Document Type

Article

Publication Date

January 2008

First Page

793

Last Page

850

Abstract

Introduction: In 1950, at the end of a triumphant season with the Boston Braves, outfielder Sam Jethroe earned Major League Baseball's National League Rookie of the Year award.' Forty years later, Jethroe found himself destitute with no home and without his Rookie of the Year trophy, which he sold in desperation for money. A variety of factors conspired to pull Jethroe into poverty, and one such factor was racially motivated employment discrimination. As an African-American, Jethroe was barred from playing Major League Baseball (MLB) for the majority of what would otherwise have been his most productive playing years.

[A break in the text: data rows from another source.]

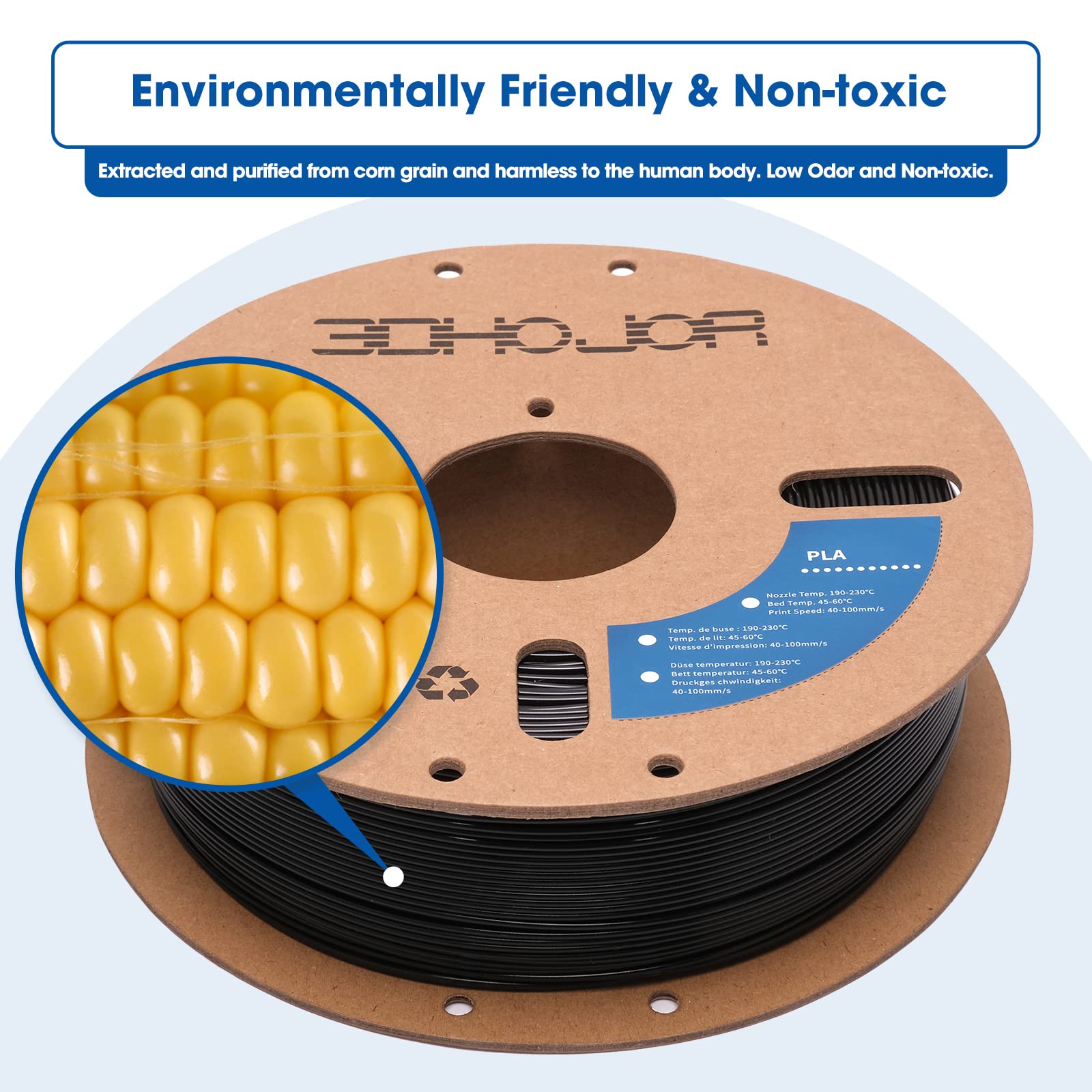 3DHoJor PLA Filament 1.75mm,3D Printing Filament,1kg*2 Cardboard Spool, Fit Most FDM 3D Printer,Dimensional Accuracy +/- 0.03 mm,Vacuum Packaging-2Pack Black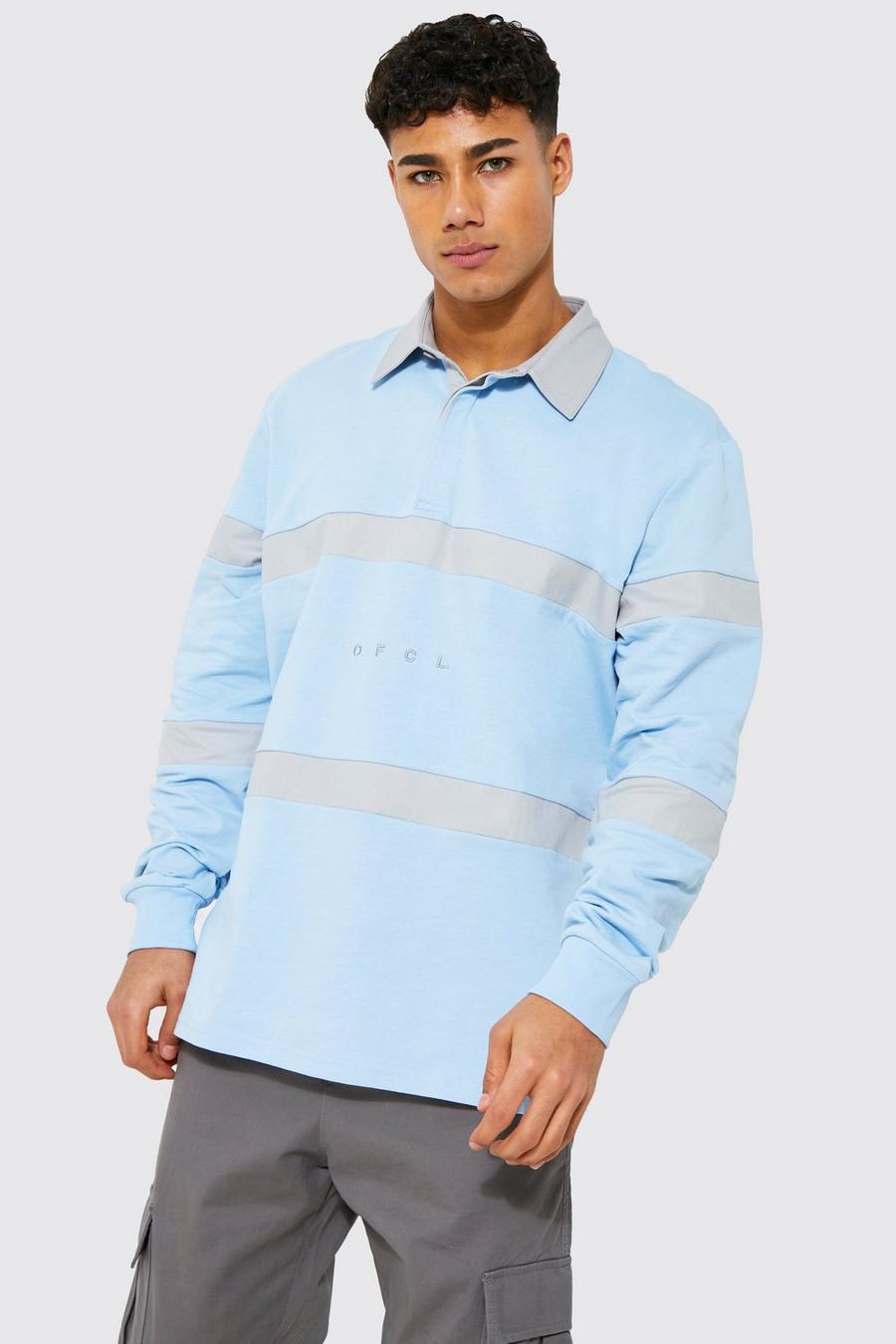 Blue Long Sleeve Ofcl Panelled Rugby Polo image number 1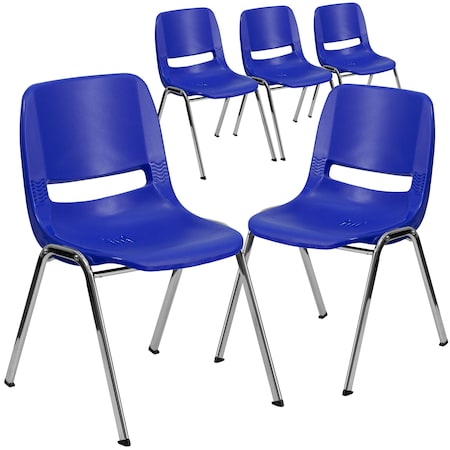 Navy Stack Chair-Chrome Frame,PK5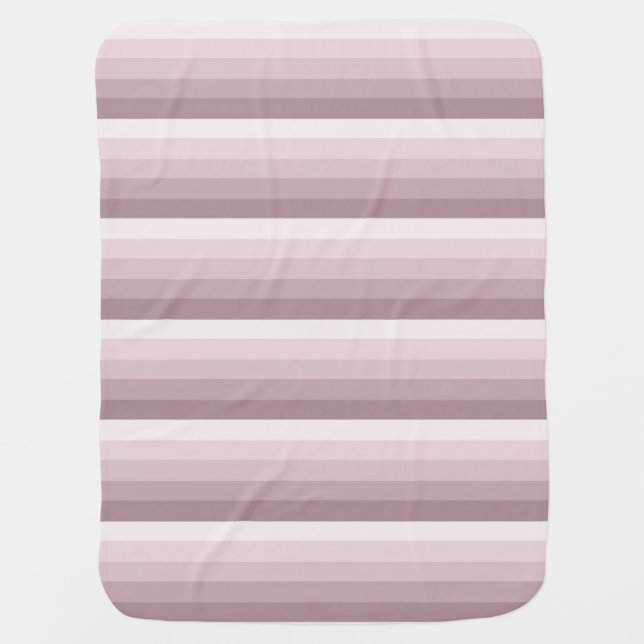 Rose quartz shadow stripes baby blanket (Front)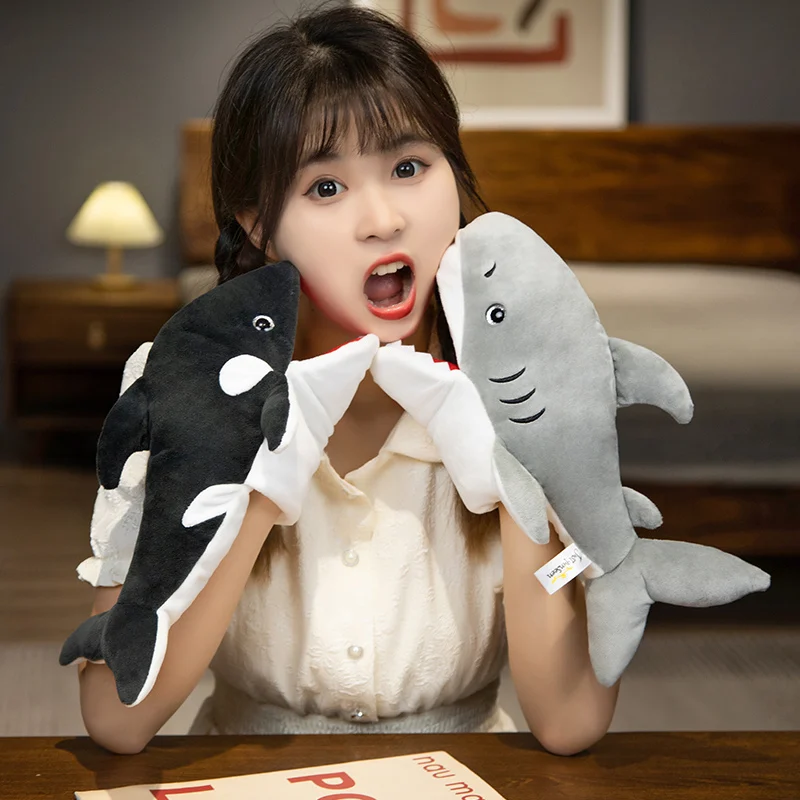 Ocean Animal Plush Puppet Octopus Tortoise Crab Shark Clownfish Small Prop Tell Story Interactive Plushie Gift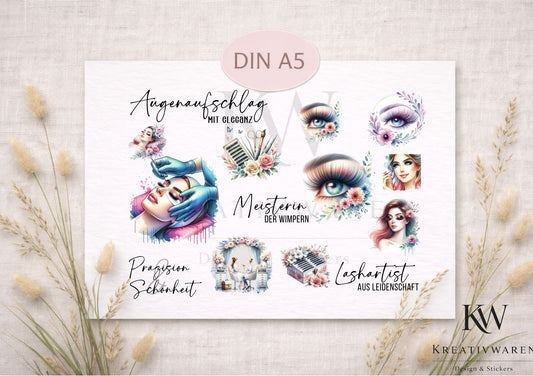 Rub Ons „Wimpernstylistin“ – DIN A5 Rub-On Sheet, randlos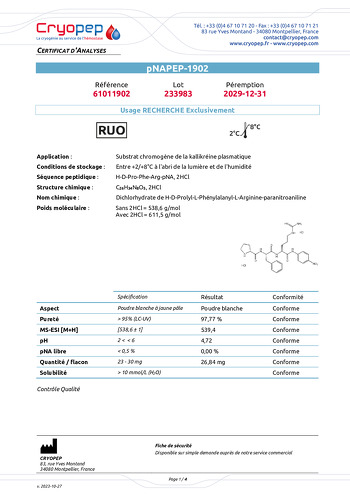 Certificat d'analyses pNAPEP-1902 Substrat Chromogène de la kallikréine plasmatique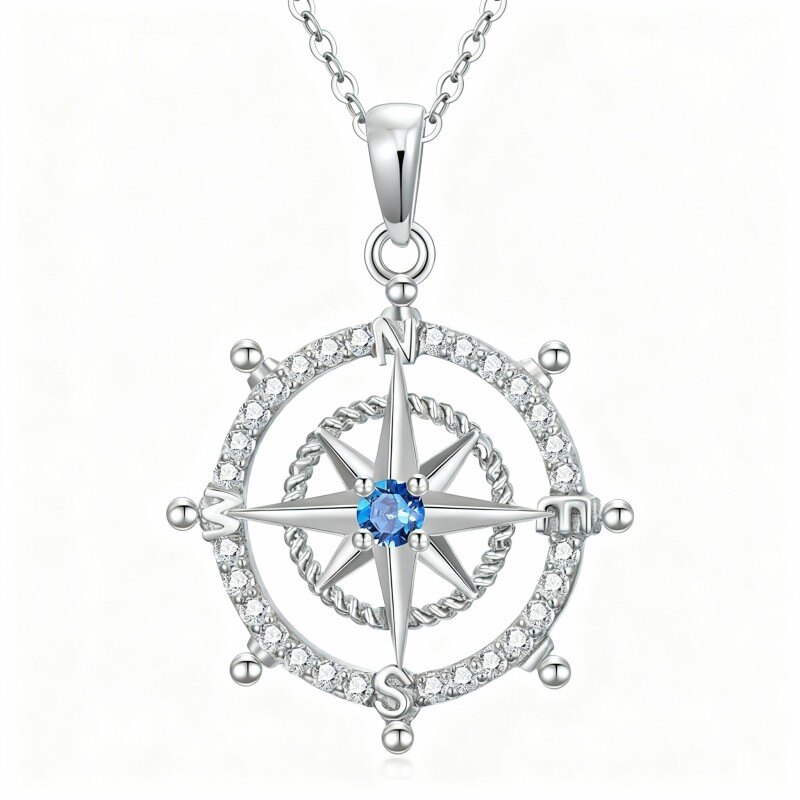 Personalisierte Halskette aus 18-karätigem Weißgold mit Zirkonia-Geburtsstein- und Kompassanhänger-1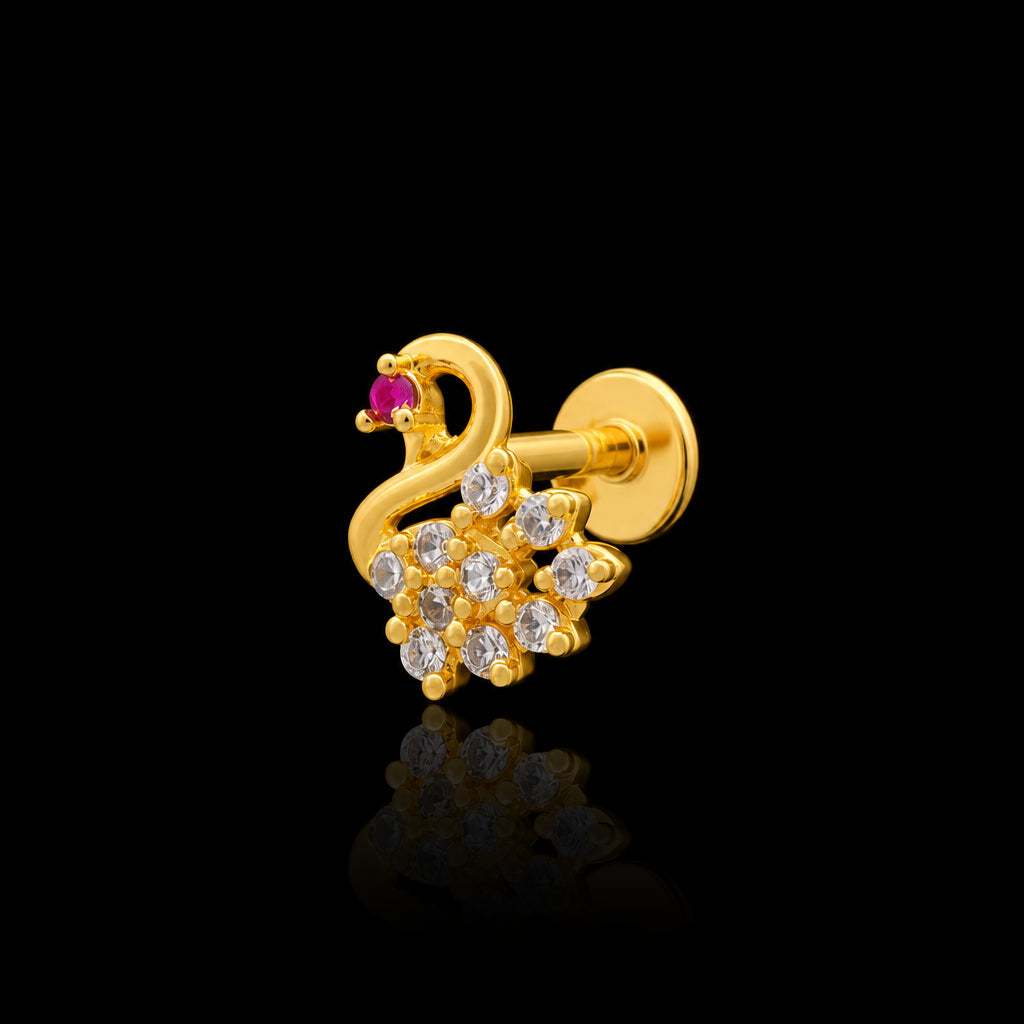 CZ Swan Curl Pave Stone Stud Gold Layered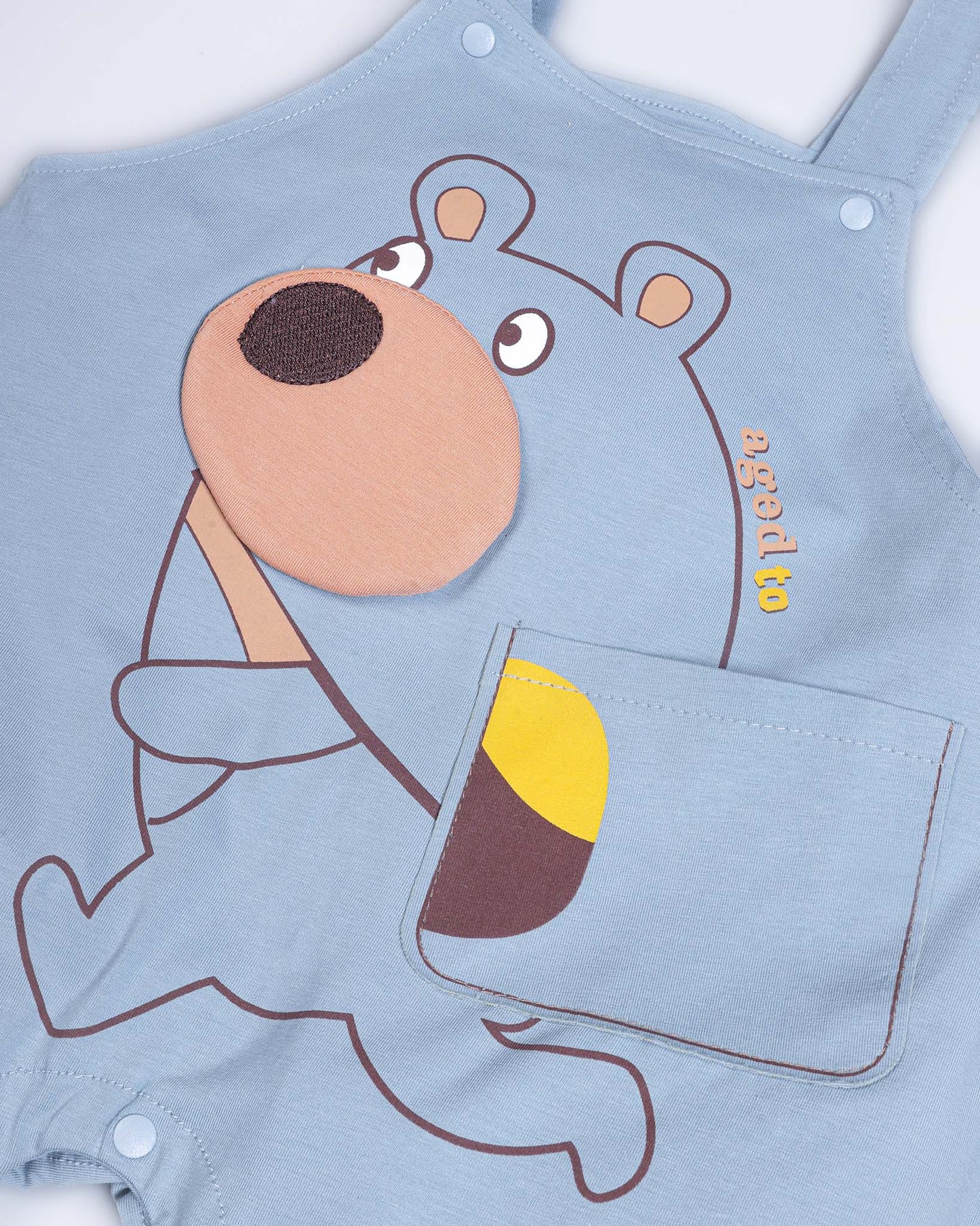 Aged To Bear Printed Appliqued Organic Cotton Dungaree Set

Limited, as a consequence of his race, to three full seasons and one partial season in the big leagues, Jethroe fell narrowly shy of the four- year eligibility requirement for a Major League Baseball pension. With no money and no other recourse, Jethroe sued Major League Baseball and related entities in March of 1995 for the pension he felt he was wrongly denied, but he gained no redress, as the United States District Court for the Eastern District of Pennsylvania dismissed the suit as untimely. With the dismissal, the case lost the little media attention it initially attracted, and Jethroe receded into the obscurity in which he had lived for years. He died several years later, and his suit has received scarce attention since.